Stattdessen gab es dieses Jahr in Berlin erstmals eine Mayday-Parade, die zwar bunt – aber vielleicht ein bisschen wenig radikal und sehr handzahm – daherkam. Alles in allem war´s dennoch ganz schön. Massig verschiedene und auch gute Redebeiräge, dazu viel Musik, tanzende Leute – aber nicht den geringsten Nervenkitzel, dass irgendetwas außergewöhnliches passieren würde. Die Frage ist eben: sollte ein 1. Mai einfach nur nett und schön sein?
Fragen schreien ja bekanntlich nach Antworten. Deshalb meine nahezu polit-freihe Einschätzung: Ja, der 1, Mai sollte vielleicht einfach nur nett und schön sein.

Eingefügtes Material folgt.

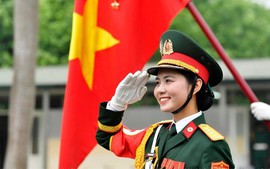 Quy định mới về Giấy chứng minh sĩ quan; Chứng minh Quân nhân; Thẻ hạ sĩ quan, binh sĩ; Thẻ quân nhân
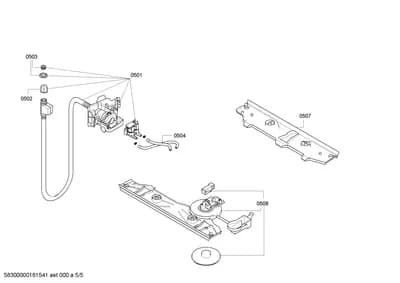 Filters (0502-0503)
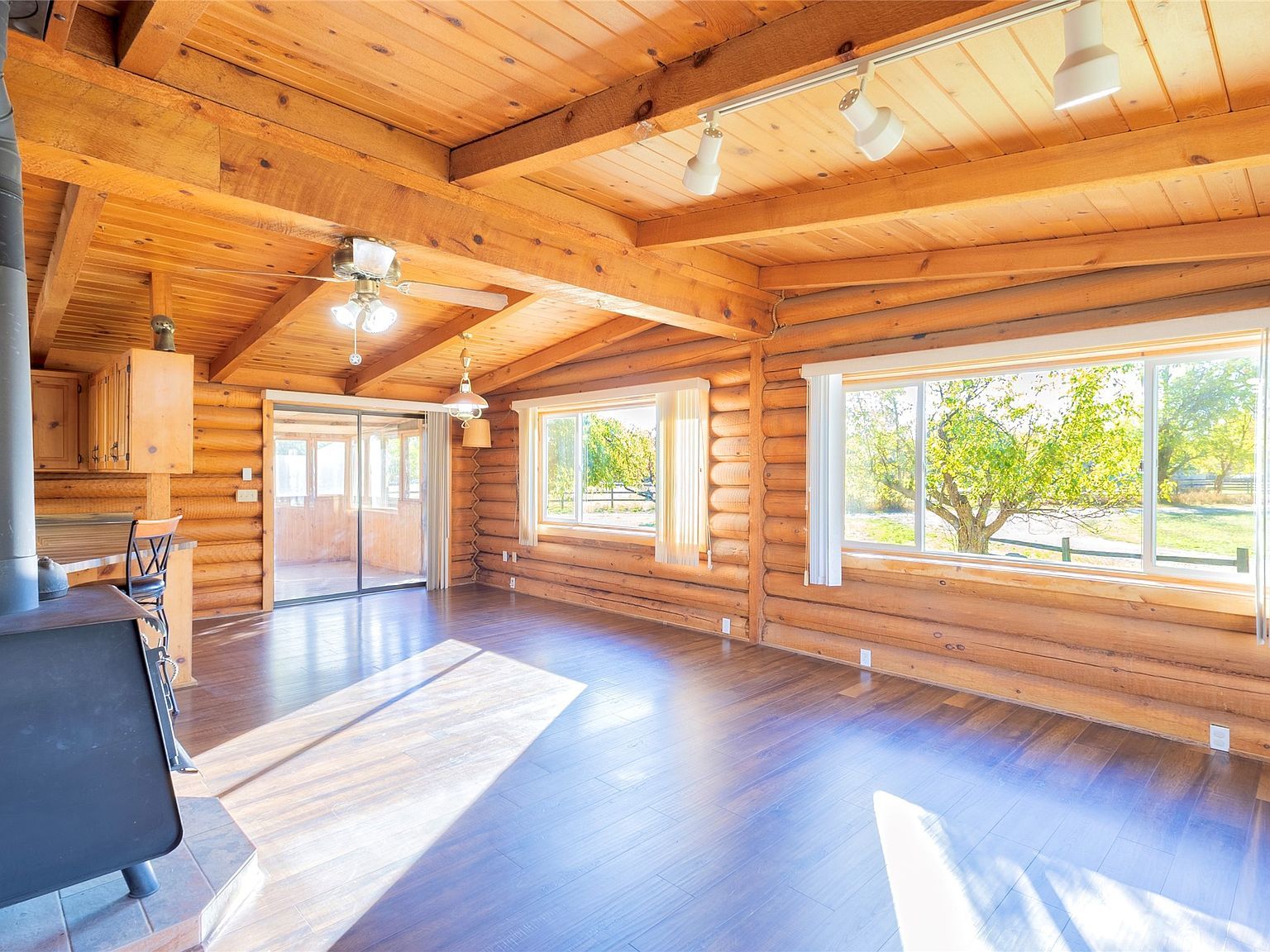 5819 Lawrence Ln Florence, MT 59833 - Thumbnail 5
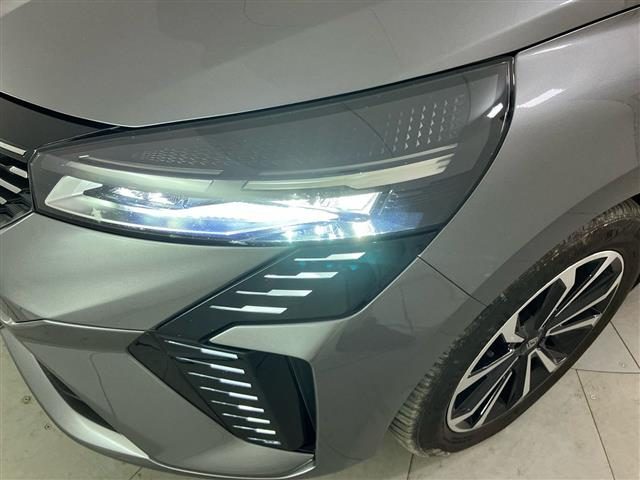 RENAULT Clio usata, con Climatizzatore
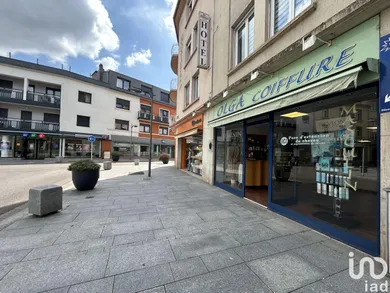 Boutique/Local commercial à HAGONDANGE (57300)
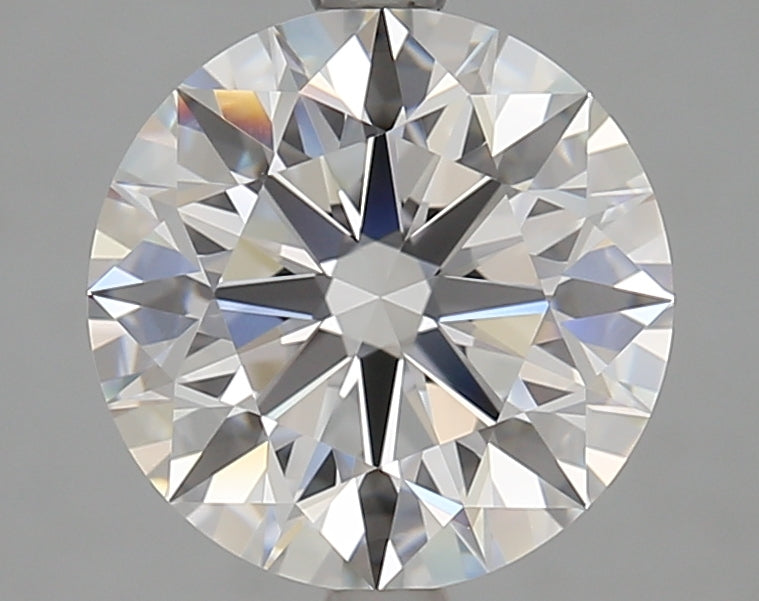 3.32000 D VVS1 BG Select Lab Grown Round Diamond
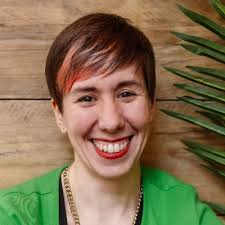 Suze Cooper (@BigTentSocial)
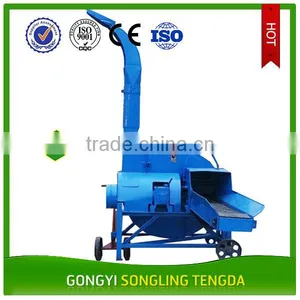 SLTD Brand Grain Stalk Hay Cutter for Cattle and Horse thumbnail-4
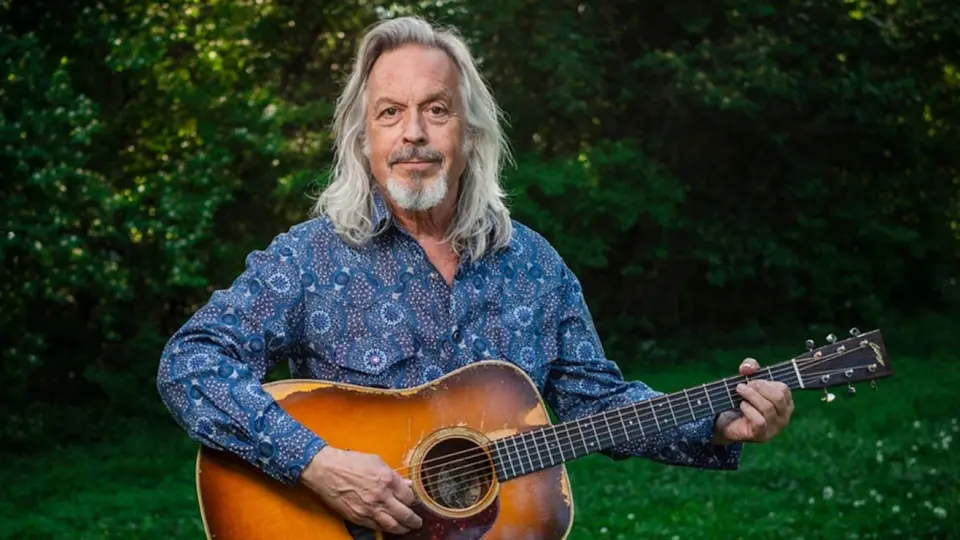 Artwork for Jim Lauderdale at Hopmonk Tavern Novato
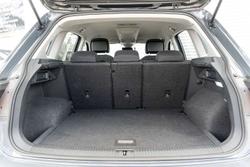 2024 Volkswagen Tiguan 110TSI Life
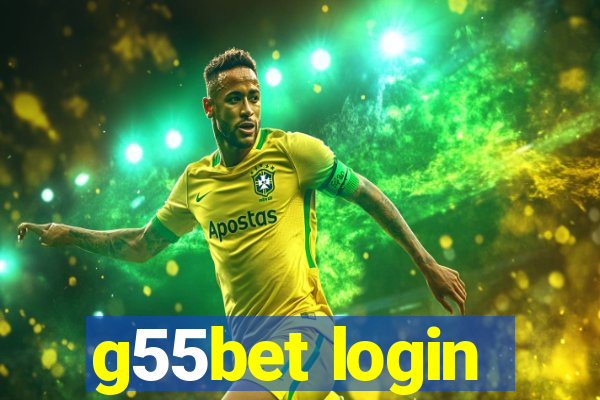 g55bet login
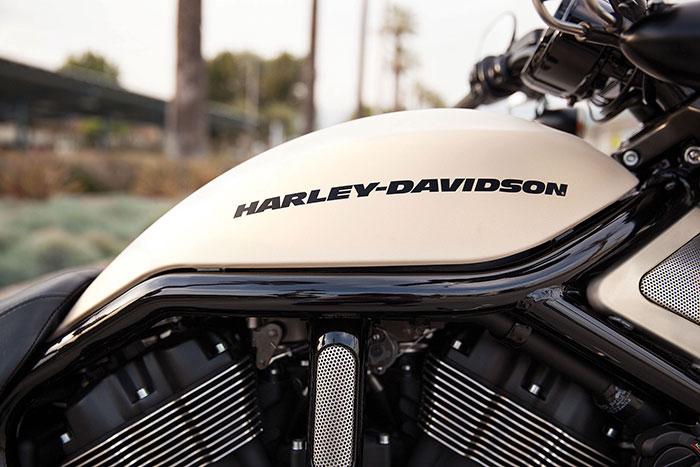 2014 Harley-Davidson VRSCDX Night Rod Special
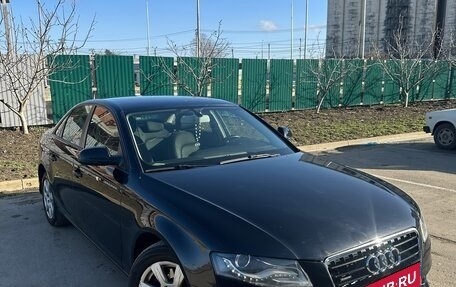 Audi A4, 2010 год, 950 000 рублей, 1 фотография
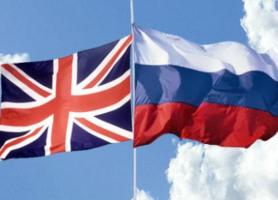 عدم درخواست لندن برای تحویل مظنونان حمله با عامل اعصاب از مسکو
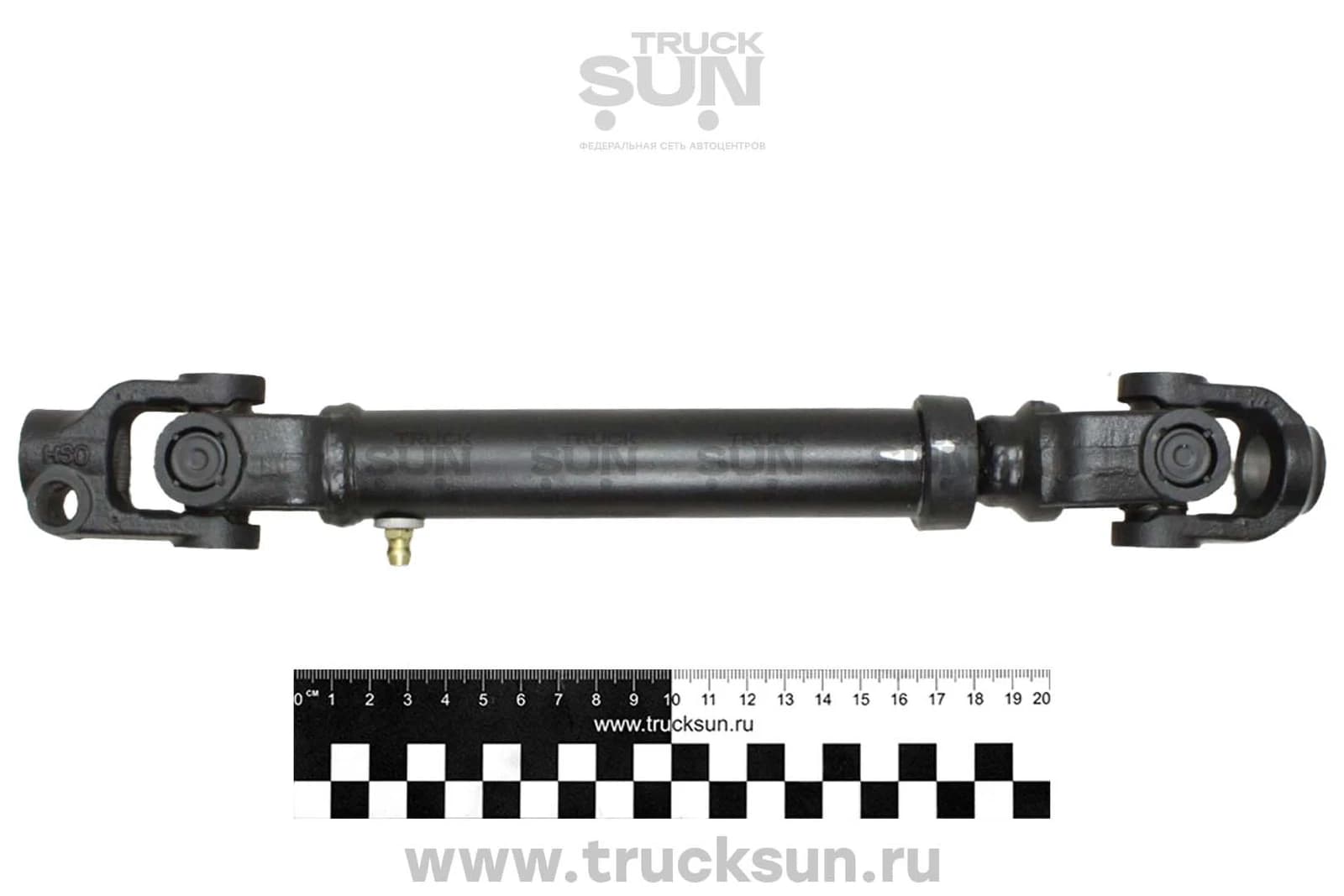 Вал рулевой колонки HD72/78 (56360-5H002,EX56360-5H002)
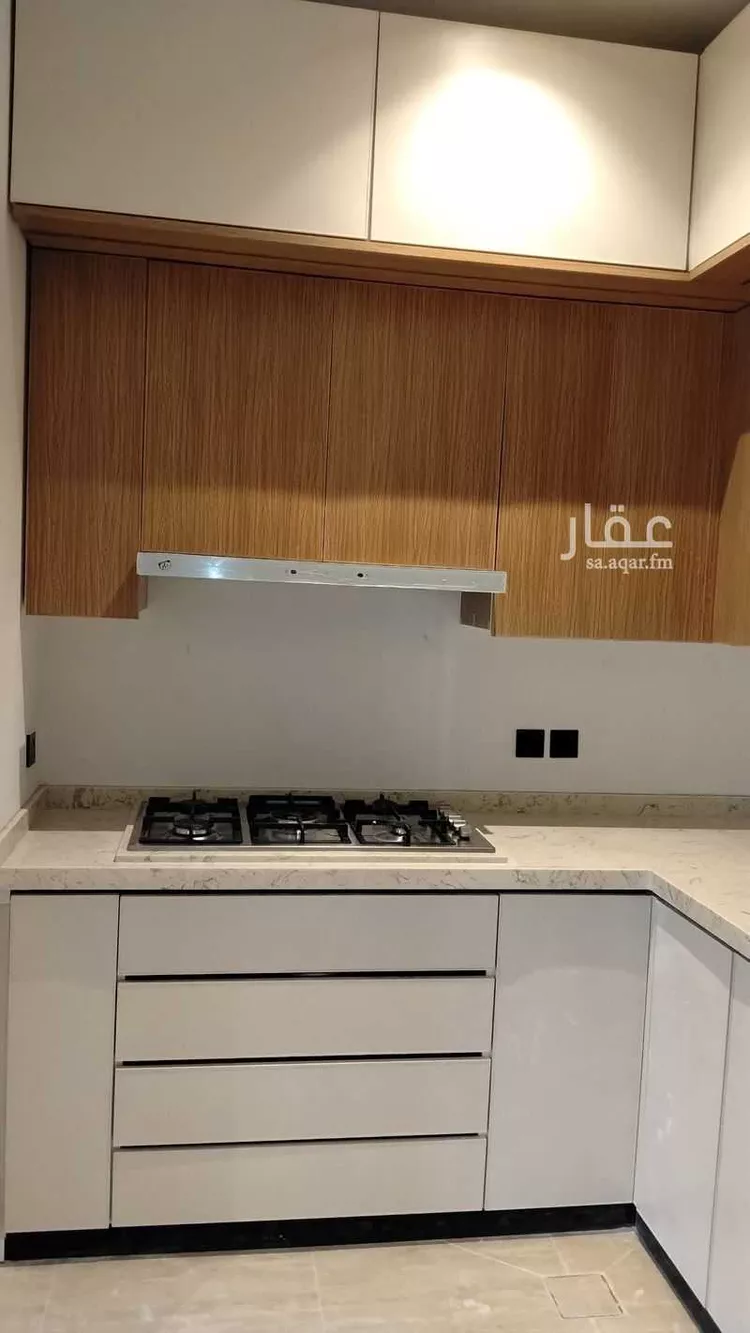 شقة للإيجار في شارع زينب بنت جحش, حي الروضة, مدينة الرياض, منطقة الرياض صورة 2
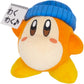 SANEI Boeki KP68 Kirby All Star Collection Waddle Dee Report Team Assistant (S) Plush Toy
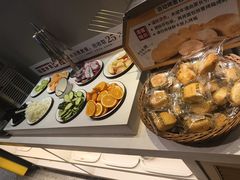 -豪享来中西餐厅(隆昌店)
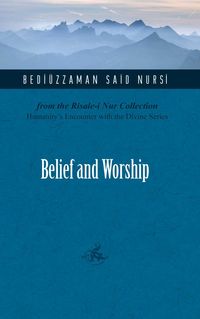 Produktbild: Belief And Worship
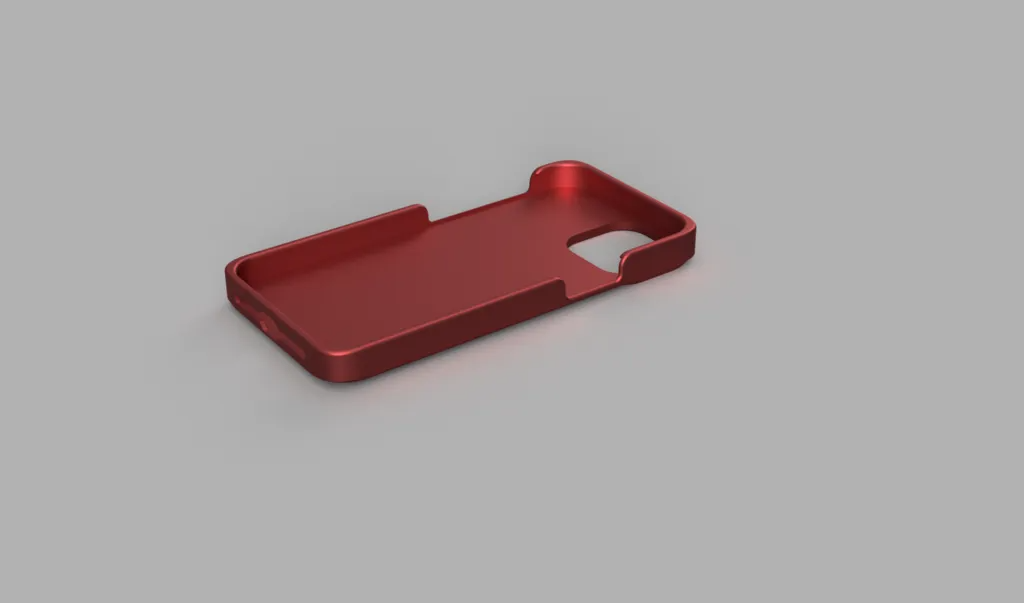 Iphone 13 mini case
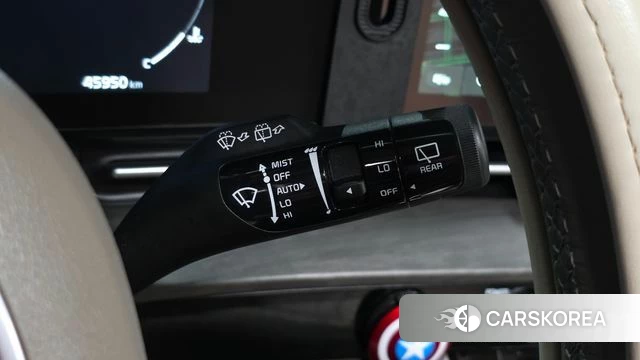 Kia Carnival 4th generation id 4958691 из Кореи 20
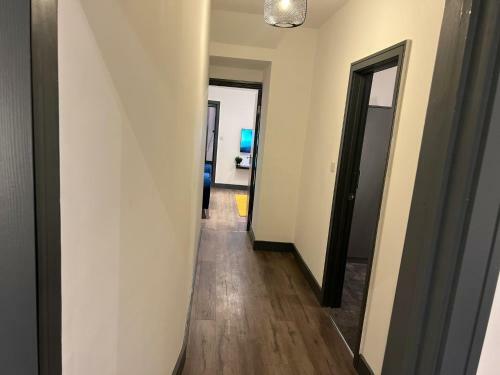 Apartamento Long Stay Offer,the Stadium View?central Flat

Solidarisches Miteinander, mit guten Freunden unterwegs sein und über die Bedeutung von Arbeit, Politik, Regierung und Gott und die Welt diskutieren – das reicht doch. Ganz ehrlich: Scheiß auf die „Re-Politisierung“ und „Stichtag für die große Revolution: 1. Mai“-Attitüde. Plakativer Schwachsinn. Ich für meinen Teil habe gar keinen Bock mehr auf einen Zivi-hier-Rütli-Schüler-da-Veranstaltung. Ich bin jedenfalls raus und froh, am 1. Mai nicht buckeln zu müssen. Politik kann so einfach sein.
Man koennte ja langsam mal darueber nachdenken, den ersten Mai nicht mehr der Erwerbsarbeit zu stiften. Das ist eh ein ausgehendes Modell.